Tivoli Customers Hear New Plans for SANs

PHILADELPHIA (05/26/2000) - On the heels of flat first-quarter financial results, Tivoli Systems Inc. is mounting a wide line of attack on the network management market.

This week at its Planet Tivoli customer conference, the IBM Corp. subsidiary announced a variety of storage-area network products and SAN alliances. In addition, Tivoli executives detailed plans to add more capabilities to mainframe-based management tools.

Tivoli will continue to supply companies with e-business products ranging from tools to manage mainframes to those that handle PalmPilots, Senior Vice President Bob Yellin told a keynote audience at the Pennsylvania Convention Center.

User reaction to the roadmap has been generally positive.

Karen Nickelson, an IS manager at Hewitt Associates, is particularly pleased with the way Tivoli is beginning to tightly integrate its product line with IBM software such as NetView. Hewitt, a large benefits management company in Lincolnshire, Illinois, has a 12,000-user network and a variety of Tivoli products to handle software distribution, events management and other tasks.

While generally happy with Tivoli, Nickelson says the company's services organization needs to reduce the time it takes to resolve problems.

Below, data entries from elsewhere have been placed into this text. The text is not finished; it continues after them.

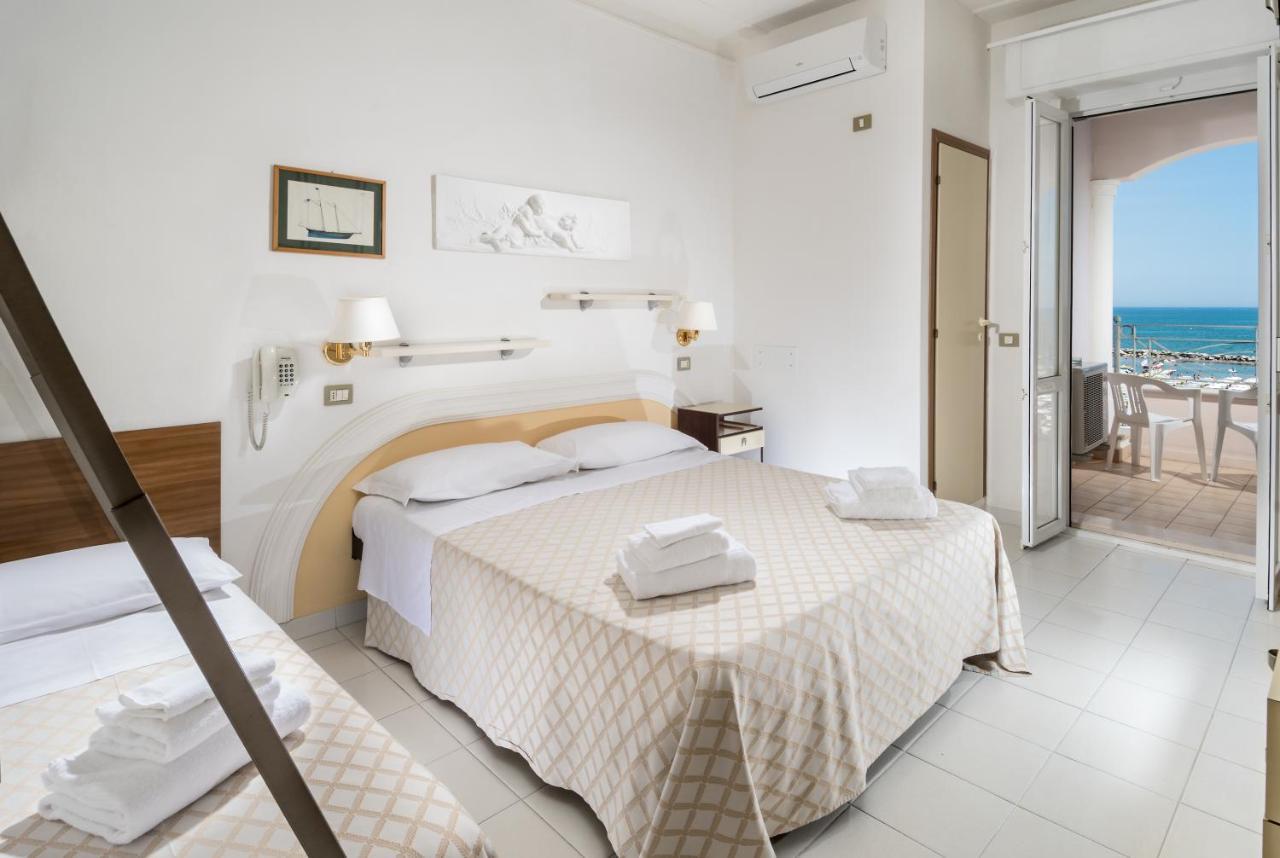 Hotel Continental Католика Екстериор снимка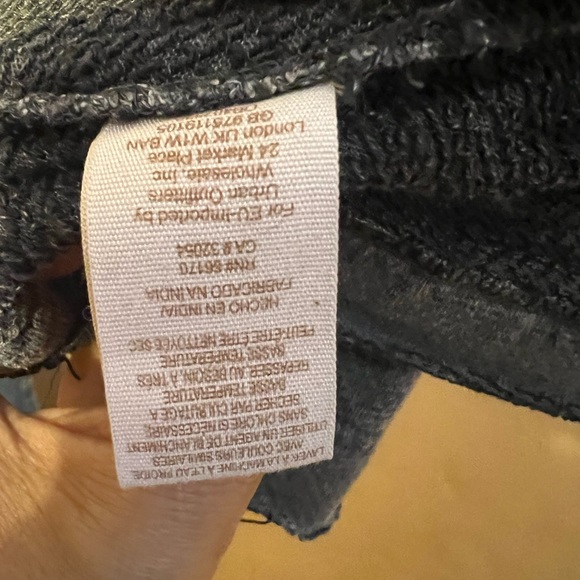 Free People S/P Oversized Raw Edge Sweatshirt Lace trim - Picture 12 of 12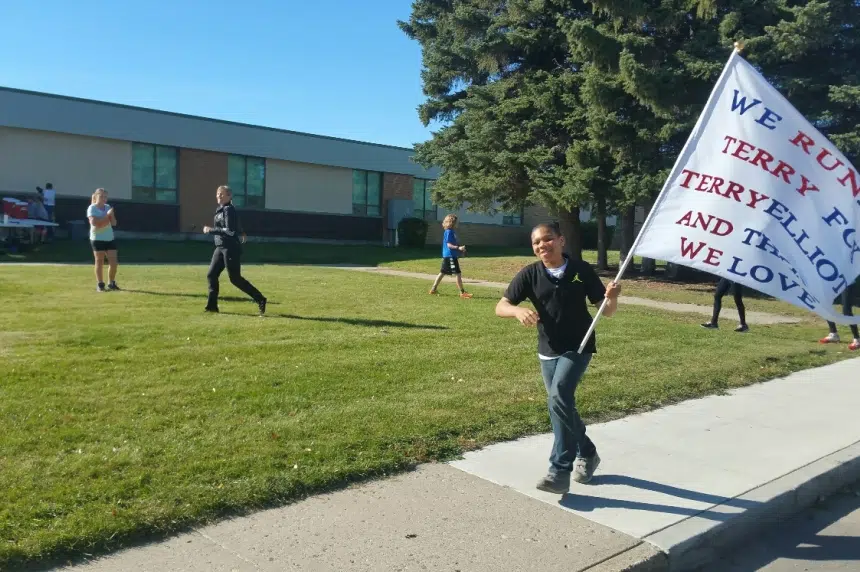 Saskatoon students pay tribute to lost caretaker for Terry Fox Day
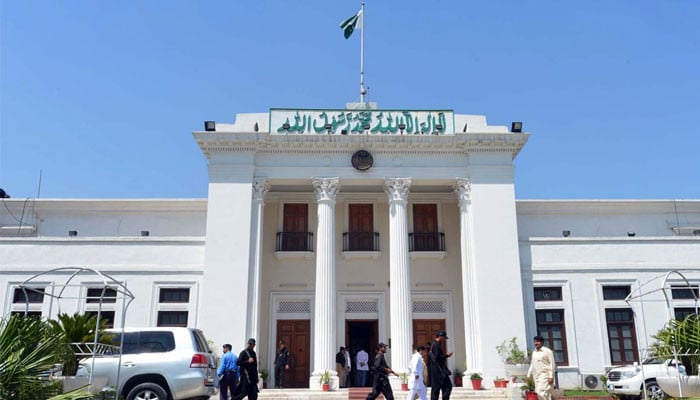 خیبر-پختونخوا-اسمبلی،-2-پارٹیوں-کے-ممبران-میں-گرما-گرمی،-الزامات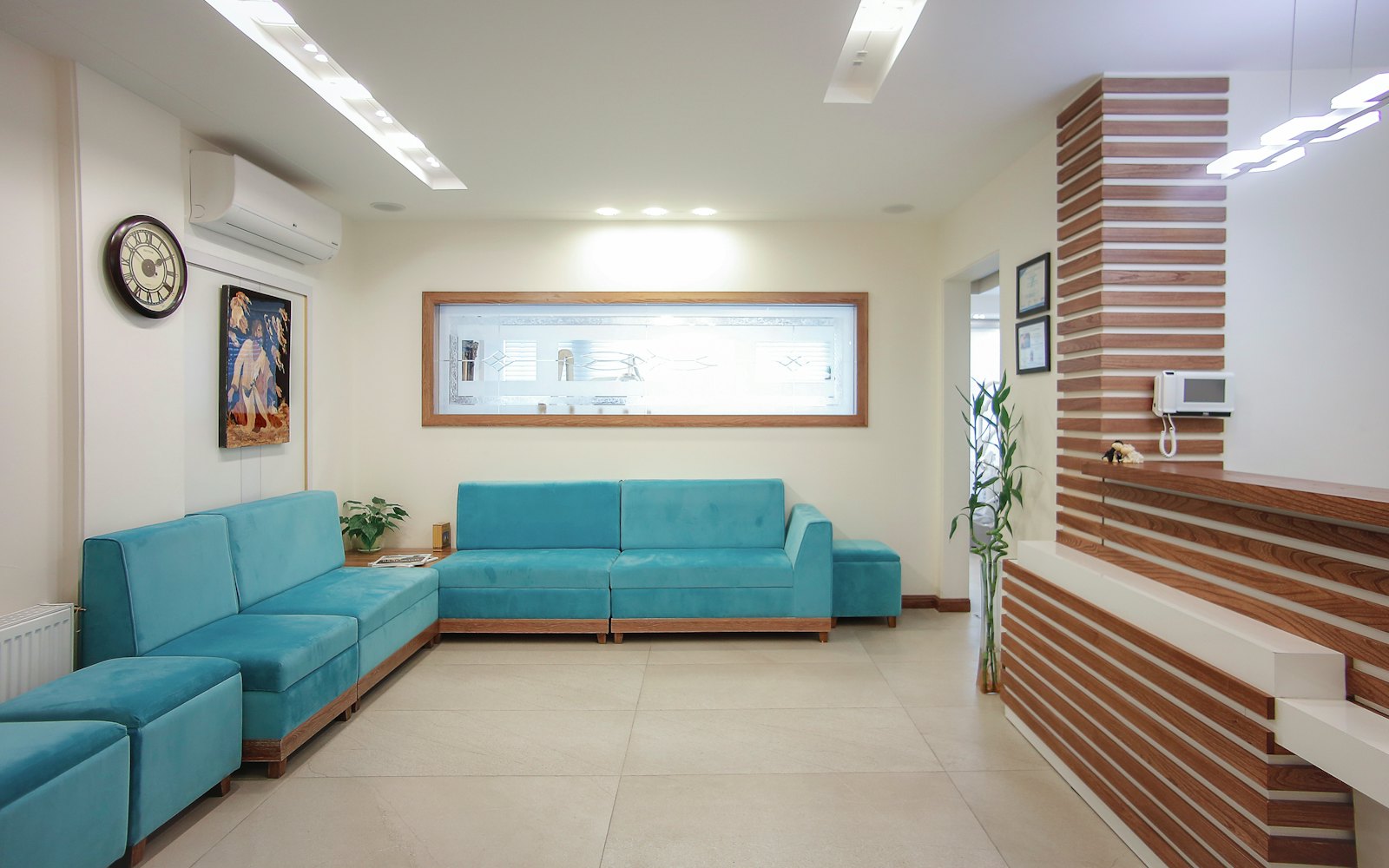 Ruang menunggu klinik dengan sofa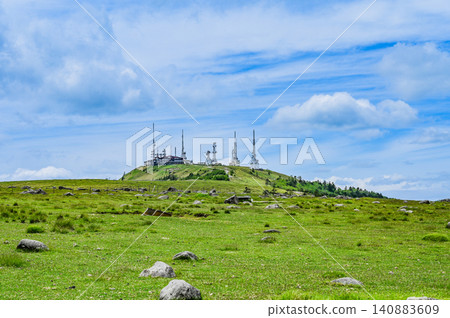 Scenery of the Utsukushigahara Plateau in Nagano Prefecture Scenery of the Utsukushigahara Plateau in Nagano Prefecture 140883609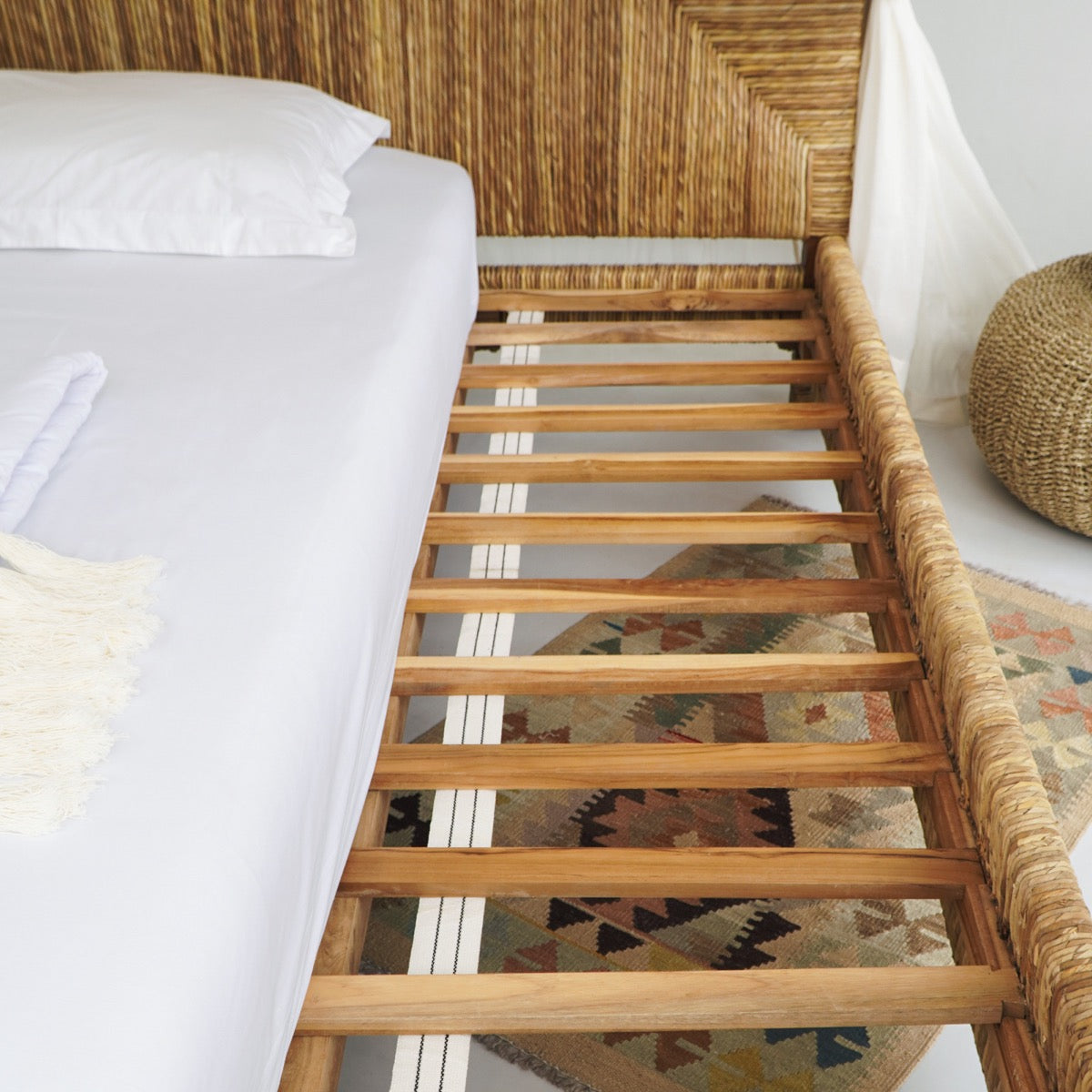 Rush Bed With Headboard And Canopy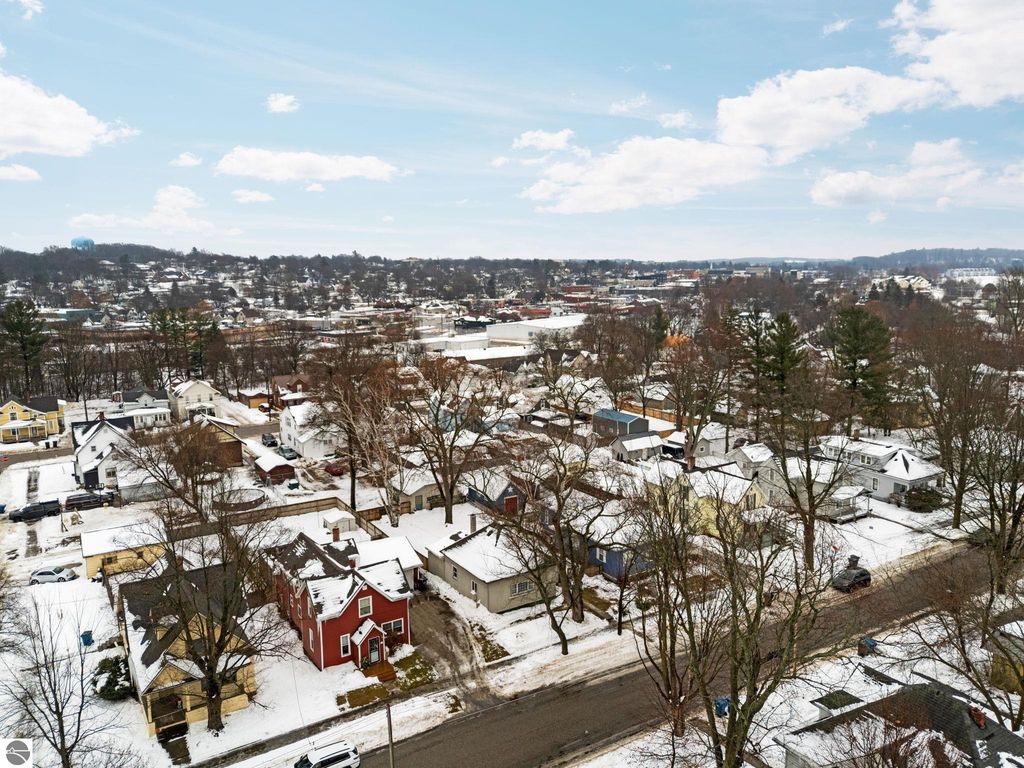 Image 36 of property listing at 826 First Avenue, Cadillac, MI 49601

Moreover, when the company rolls out new products, it must be careful not to sacrifice quality. Nickelson says she also would like to have greater user input on how Tivoli shapes its product direction.

Storage Manager upgrades

At the conference, the company made its biggest thunder over Tivoli Storage Manager 4.1, which handles automatic high-speed data backup.

The product also has a so-called LAN-free management feature, which lets servers and storage devices move data through SAN pipes instead of over LAN channels. The company hopes this will help companies cope with the huge amounts of data generated by business-to-business traffic.

Also coming to Storage Manager is the ability to exploit EMC Corp.'s TimeFinder, a software tool in the EMC Symmetrix storage server that takes snapshots of the data being stored. These snapshots are used to do high-speed backup of data for heavy-duty applications such as SAP AG's enterprise resource planning software. Tivoli also will provide a development tool kit to tie SAN management tools to NetView, the company's enterprise management application.

Tivoli Storage Manager 4.1 starts at $2,000 and will be available in July. It runs on Unix, Windows NT and 2000, and OS/390.

Tivoli also detailed improvements to its NetView mainframe-based product that will let users more effectively manage IP applications and Unix hosts.

Enhancements to Tivoli NetView for OS/390 1.3 will let IS staff gather Simple Network Management Protocol data off the mainframe's IP stack on items such as network interfaces and traffic statistics.

The NetView console will also be able to communicate with another mainframe in an all-IP network via tn3270 sessions. Additionally, NetView will handle automated management of distributed Unix hosts, Tivoli says.

Tivoli also announced that it will offer its software for rent through 2ndWave Inc., an application service provider that specializes in service to IT shops.

Tivoli already offers rented applications through the firm Triactive Inc., but 2nd Wave will expand the number of products offered and will be more geared to larger enterprise networks, Tivoli says.